CUENTOS
NARANJO ESQUINA
FABIÁN SOBERÓN
(Ente Cultural - Tucumán)

Hay una frase de Flannery O'Connor como epígrafe a Naranjo Esquina, el flamante libro de cuentos de Fabián Soberón. “Solo Dios es ateo. El diablo es el mayor creyente y tiene sus razones”. Hay una versión más completa de esa frase, que la narradora norteamericana escribió.  “No puede ser ateo quien no lo sepa todo. Solo Dios...”

Hay varias formas en que esta frase atraviesa el libro. Porque la religión no solo está explícita en personajes curas o niños creyentes, sino que está en la misma forma en que Soberón construye estos artefactos narrativos. La confesión cristiana de alguna manera está presente en gran parte de los cuentos: dos personas se juntan y una debe sacarse un secreto de encima. Debe confesar un “pecado” o una verdad que oculta. Si bien el libro tiene un aura policial (un hombre que regresa al pueblo para indagar en su pasado, en especial sobre sus padres) este hombre que es periodista, y en cierta forma también detective, es, sobre todo, un sacerdote: un hombre que escucha los secretos atroces de otros.

“Hasper había nacido en medio de las gallinas y había tenido mucho dinero cuando era joven. Pero lo había perdido en el juego, en las noches largas del casino y en medio de las putas. Nunca hablaba de eso pero una sola vez se atrevió y me contó. Largó todo como si fuera un vómito. Parecía que lo tenía guardado desde hacía años y que necesitaba escupirlo para limpiarse la cabeza”.

Habladurías e influencias

La confesión cristiana no es el único motor de los artefactos narrativos de Soberón, porque los secretos en ese pueblo tienen espesor; y donde hay secretos, hay chismes.

Si Ricardo Piglia señaló, con certeza, la relación entre paranoia y ficción; es difícil no notar que Soberón hace del chisme su segundo motor narrativo. Los que no confiesan sus pecados, hablan de los pecados ajenos. O de lo que suponen. Y en Naranjo Esquina pululan esas personas chusmas, que no tienen nada mejor que hacer que espiar las vidas ajenas y sacar conclusiones, a veces descabelladas (aunque, por supuesto, se puede corroborar eso de “piensa mal y acertarás”).

Hay varias obras con la que este libro dialoga. La frase de Flannery no es inocente, por supuesto: hay cierto parangón entre la brutalidad sureña y la que se padece en los pequeños pueblos del norte argentino.

Quizá existan lazos comunicantes con  Winesburg, Ohio, de Sherwood Anderson: cuentos ambientados en un pequeño pueblo, tomando a los distintos habitantes como personajes que tienen sus historias.
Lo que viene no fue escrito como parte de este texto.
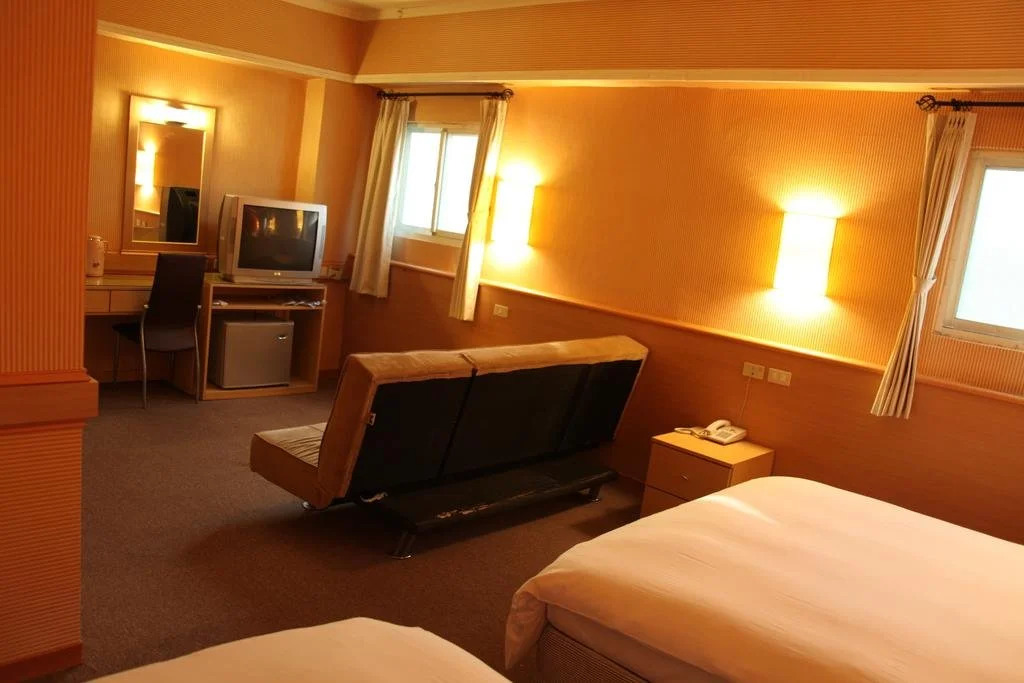 Manbo Holiday Hotel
Y de manera indirecta uno podría pensar en Pedro Páramo. Naranjo Esquina no es Comala, pero sin lugar a dudas sus habitantes tiene algo de fantasmas: seres dañados, que parecen haberse quedado estancados en una desgracia o tragedia ocurrida en el pasado.
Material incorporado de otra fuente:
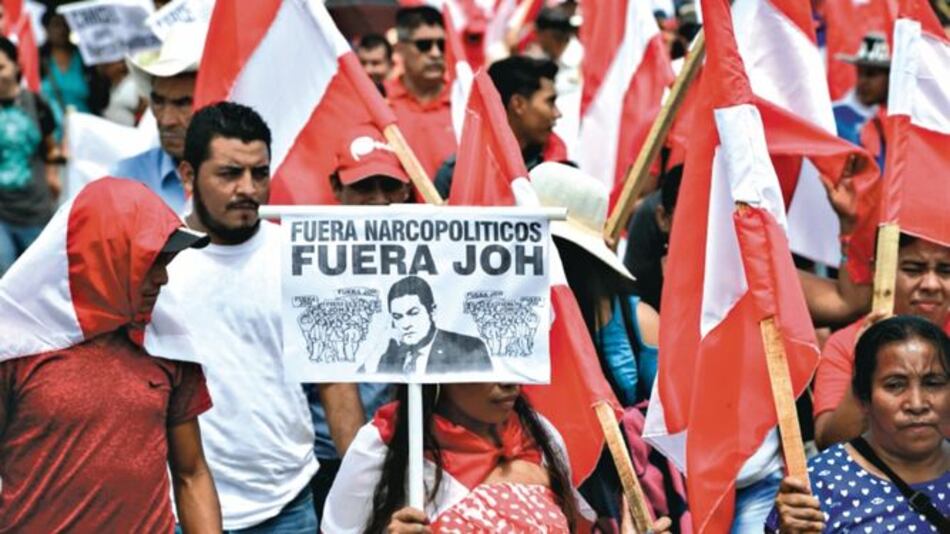 Presidente de Honduras deplora condena de su hermano, por narcotráfico, en EU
Ninguna de estas tres posibles influencias sirve para dar cuenta de la complejidad narrativa desplegada por Soberón a lo largo de los 35 cuentos. De hecho, no es un detalle menor que el libro demande -a diferencia de la mayoría de los libros de cuentos- ser leído en el orden en el que están presentadas las historias. Hasta se la podría leer como una novela; no sería lo mejor, pero tampoco sería tan descabellado.
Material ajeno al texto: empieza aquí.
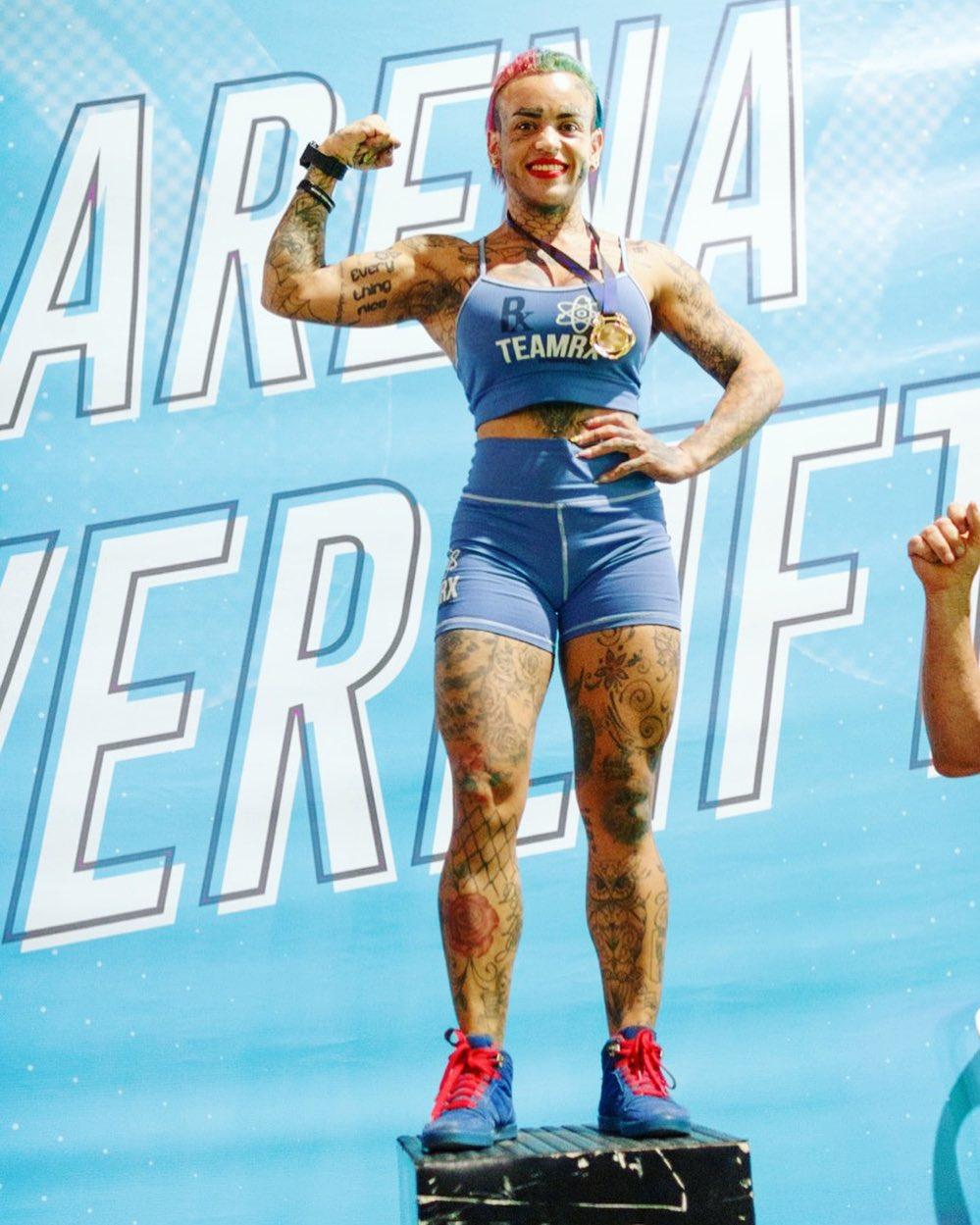 Tânăra avea zeci de mii de urmăritori pe reţelele sociale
A eso me refiero con la complejidad del libro, que quizá no se nota por una prosa que logra ser, al mismo tiempo, clara, precisa y poética.

Uno  termina el libro y los personajes se quedan con uno.  “Al revisar el pasado de las personas  que me crucé en los ya muchos años percibí que siempre faltan piezas o que algunas se han perdido”, dice el narrador.  Por eso en la mente del lector esos personajes permanecen  como enigmas sin resolver. En los cuentos de Naranja Esquina hay versiones contradictorias de un mismo suceso, puntos de vistas distintos que anulan o refutan a uno ya dado. Esto enriquece los cuentos: no hay una verdad, sino muchas verdades y muchas mentiras y no es tan fácil saber cuál es cual.